§ 2.3 Business Clients with Foreign Employees

LibraryRights of Foreign Nationals (OSBar) (2020 Ed.)
§ 2.3 BUSINESS CLIENTS WITH FOREIGN EMPLOYEES

If the client is a business that seeks to employ or does employ foreign workers who are not LPRs (see § 2.2), then a number of rules apply to those employees that do not apply to U.S. citizens or LPR employees. Although this chapter will not address all of these possible issues—given that each case invariably has a unique set of facts—two critical areas that will impact the business transactional practice and that occur on a regular basis are discussed in § 2.3-1 to § 2.3-2.

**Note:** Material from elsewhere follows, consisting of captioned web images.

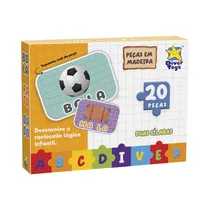 Juego Educativo Divertorys Dos Sílabas 8287 20 Piezas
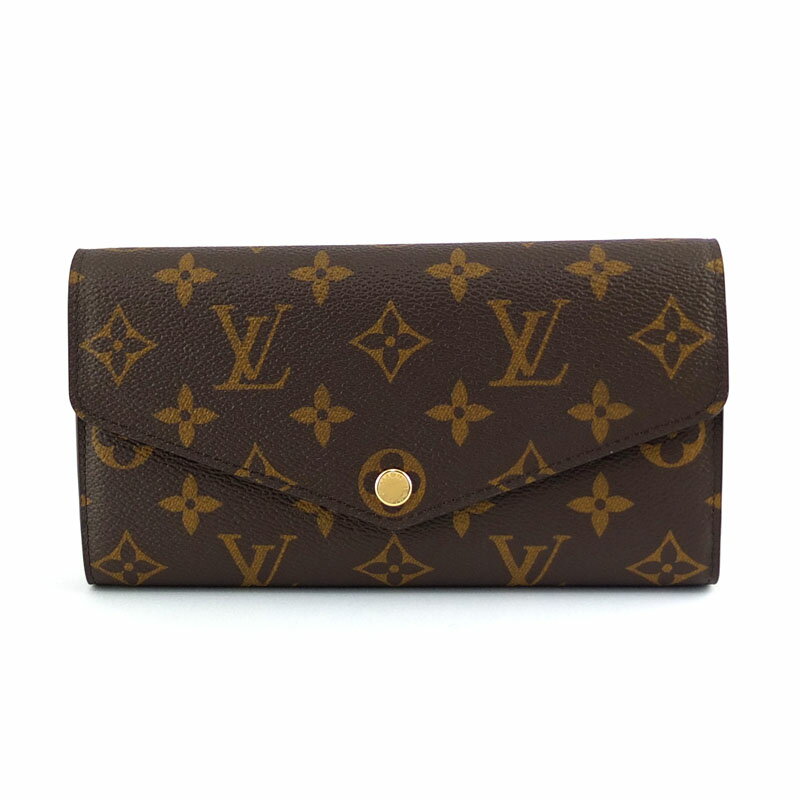 ルイ ヴィトン LOUIS VUITTON ポルトフォイユ サラ M60531 二つ折り長財布 モノグラム ブラウン 【中古】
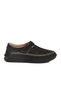 Black Suede Genuine Leather Men's Velcro Casual Shoes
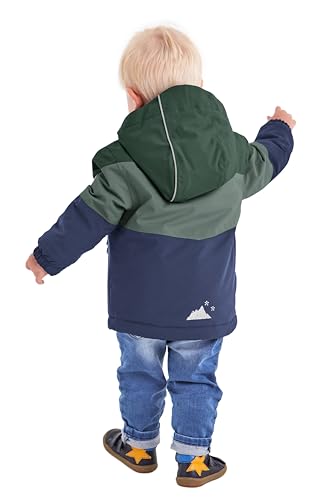 Foto von Killtec Unisex Fisw 3 Mns Jckt Skijacke/ Funktionsjacke Mit Kapuze Und Schneefang, Dunkel Waldgrün, 110-116 EU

§ 2.3-1 Treatment of Foreign Employees during a Merger, Acquisition, or Other Corporate Restructuring

When a merger or acquisition occurs, the most common question is how the transaction will impact the immigration status of foreign employees, either nonimmigrant temporary workers or employees who have not yet completed the process of obtaining permanent residence. For the nonimmigrant who does not have an application for permanent residence pending and whose employment is not dependent on who owns the employing entity, the answer is straightforward: as part of the merger or acquisition, the surviving or acquiring entity should accept in writing all immigration obligations of the predecessor entity. Often this is done as an addendum to the purchase agreement, but it must be done in writing. If the employee is an H-1B status holder (see § 2.2) for whom a public access file (PAF) must be maintained for review by any interested party (see 20 CFR § 655.760), a responsible official of the new employing entity must place a sworn statement in the PAF stating that the entity accepts all obligations, liabilities, and undertakings under the labor condition applications (LCAs) filed by the predecessor employing entity, together with a list of each affected LCA and its date of certification, and a description of the actual wage system and the Federal Employer Identification Number of the new employing entity. See 20 CFR § 655.730(e)(1). See generally 8 USC § 1182(n); 20 CFR pt 655 subpt H. If any of the terms and conditions of employment are changing, then the attorney should consult with immigration counsel to determine whether an amended petition must be filed and when.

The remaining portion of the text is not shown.